Non-cancerous tumors of stomach (GIST)

Non-cancerous tumors of the stomach, specifically gastrointestinal stromal tumors (GISTs), are rare growths that originate from the interstitial cells of Cajal or precursor cells in the stomach wall. GISTs can vary in size and typically present as asymptomatic growths but may cause symptoms if they become large or rupture.
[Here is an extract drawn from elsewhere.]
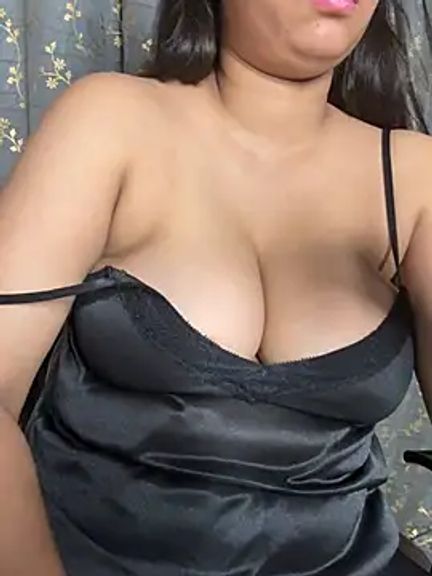 Miss-Ayraa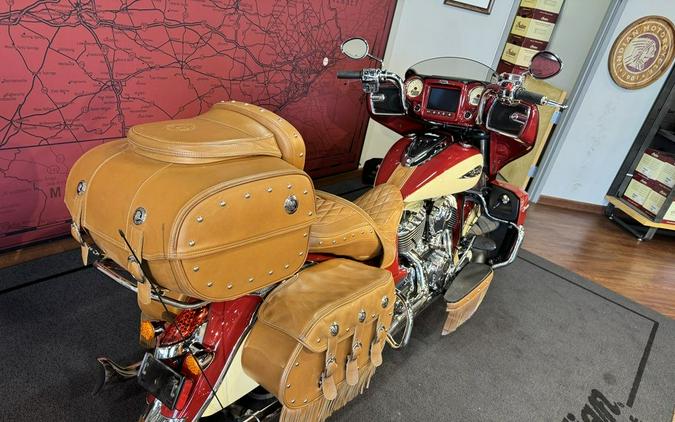 2017 Indian Motorcycle® Roadmaster® Classic Indian Motorcycle ® Red over Ivory Cream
The exact cause of GISTs is not well understood, but they are believed to arise from mutations in specific genes, most commonly the KIT gene. These tumors are often diagnosed in adults, and while they are non-cancerous, they can sometimes behave aggressively or have the potential to become malignant if not monitored or treated.

Symptoms of GISTs can include abdominal pain, bloating, nausea, and unexplained weight loss. In some cases, the tumors can lead to gastrointestinal bleeding, which may be indicated by blood in the stool or vomit. Asymptomatic GISTs are often found incidentally during imaging studies for other conditions.

Diagnosis of GISTs generally involves imaging techniques such as CT scans or MRI to visualize the tumor and determine its size and location. Endoscopic ultrasound (EUS) or biopsy may be used to confirm the diagnosis and assess the tumor’s characteristics. Genetic testing can also help identify specific mutations associated with GISTs.

Treatment for GISTs typically involves surgical removal of the tumor if it is localized and operable. In cases where surgery is not feasible or the tumor is inoperable, targeted therapies such as imatinib (Gleevec) may be used to manage the tumor and inhibit its growth. Regular follow-up with imaging and clinical evaluations is essential to monitor for any recurrence or progression of the disease.